Behind Bars
There’s a particularly chilling scene about two-thirds of the way through “HotHouse,” a new documentary that examines the lives of Palestinians serving time in Israeli security prisons.
The film’s Israeli director, Shimon Dotan, asks female prisoner Ahlam Tamimi how many children were killed in the August 2001 terrorist attack on the Sbarro pizzeria in Jerusalem. (Tamimi, a former newscaster for Palestinian TV, admits that she selected Sbarro as a terrorist site, and even delivered the suicide bomber there before leaving to read the news on air that day.) “Three,” she says. “Eight,” Dotan replies. “Eight? Eight,” Tamimi repeats, her smile betraying no emotion at the loss of innocent life.
Tamimi’s lack of remorse — which she expresses explicitly elsewhere in the film — is just one of the jarring moments in “HotHouse,” which is screening June 25 at the Human Rights Watch International Film Festival in New York City and airing June 27 on HBO/Cinemax. The winner of a Special Jury Award at Sundance earlier this year, “HotHouse” is framed by the 2006 Palestinian elections, which Hamas won even though (or perhaps because) Israel held more than a dozen of its candidates in prison.
Dotan’s film focuses on how the jails politicize the prisoners. Cells, for example, are divided into Fatah and Hamas factions — with both groups having separate representatives to the prison warden. The two factions appear to get along well in jail, but are they so chummy now that their parent organizations are fighting a near-civil war in Gaza? The prisoners raise each other’s political consciousness and teach each other Hebrew. Some are educated, even at The Hebrew University of Jerusalem, while they are imprisoned. “I think that the Palestinian people have turned the Israeli jails into academies and universities,” says former prisoner Samir Masharawi, who served eight-and-a-half years in Israeli jails.
Both Israelis and Palestinians assert that the congenial atmosphere helps prisons run more smoothly, though at first glance one wonders if the jail time education and the status the prisoners receive in Palestinian society only make them more effective fighters against the Jewish state. But some argue that prison experience can bring the two sides closer together. Previous prisoners “got to know the Israelis — and not through gunsights,” said Ofer Lefler, a colonel who is a spokesman for the Israeli Prisons Authority. “And they realized that the State of Israel cannot be eliminated, certainly not by terror.”
At times, the prisons give off an uncomfortably utopian shine. The jail cells have the odd feel of a camp cabin; several prisoners live together in a room, sleeping in bunk beds. Dotan’s camera follows the prisoners around in their boring but oddly peaceful daily lives: They eat, joke, wash up, listen to Walkmans, even exercise. (The access granted Dotan will seem unbelievable to American viewers: It is difficult to imagine anyone getting this sort of window into Guantanamo Bay.)
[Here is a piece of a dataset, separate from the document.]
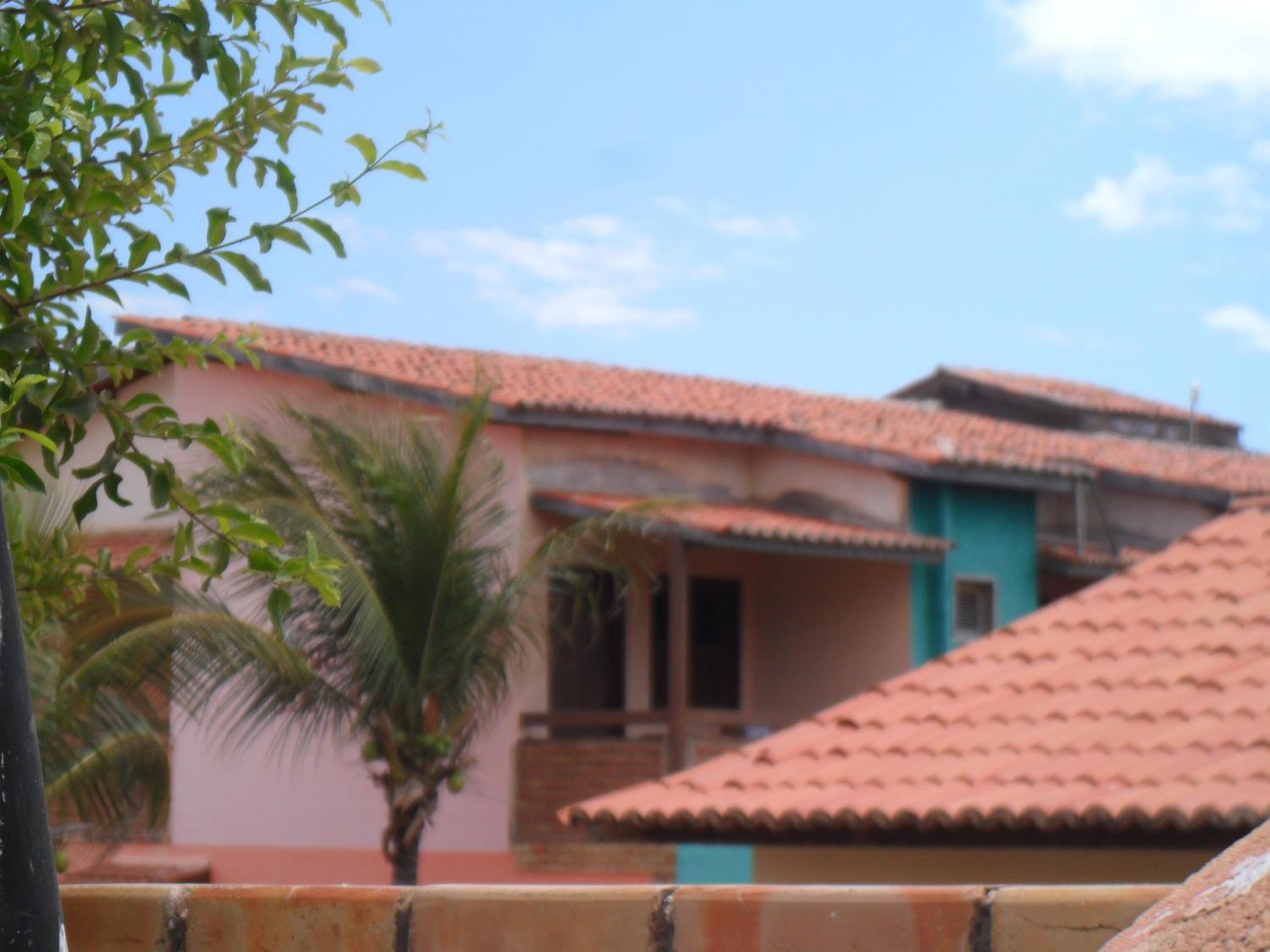 Bela Vista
Dotan also highlights the realities of jail life and of the conflict itself. Many of his shots take place through gates and bars, and he frequently shows lockdowns and searches. When they introduce themselves throughout the film, terrorists from both factions announce their crimes. Nor does Dotan shy away from displaying the radicalism pervading Palestinian society. In one scene, an older woman who is visiting the prisoners yells, “The Jews and the United States are the same thing,” before screaming “Islam is the solution” and calling for applause for Allah.
Still, as viewers get to know the prisoners as individuals, there’s an almost inevitable humanization that takes place. O’thman Musleh, a Fatah member who has been imprisoned for 23 years, says that after all the in-prison exposure to Israeli media, “you become an expert on what’s going on between the nations, on when you need to exert influence, how to find a solution.” Certain Jewish and pro-Israel viewers will likely cringe, if not turn angry, as this humanization takes place, not least because carnage from the horrific attacks perpetrated by these terrorists is shown just once — and then only for a few seconds.
Indeed, late in the film, Fares Jad, a “failed” suicide bomber, tells Dotan that he hopes to raise children after he is released, so that he can prepare them for suicide missions. Dotan says that he hopes Jad doesn’t raise his children this way. Despite the filmmaker’s best intentions, however, it’s hard to feel optimistic that his words will have any sway.
Peter Ephross is a reviewer for Publishers Weekly, as well as for other publications and Web sites. He was a longtime editor for JTA.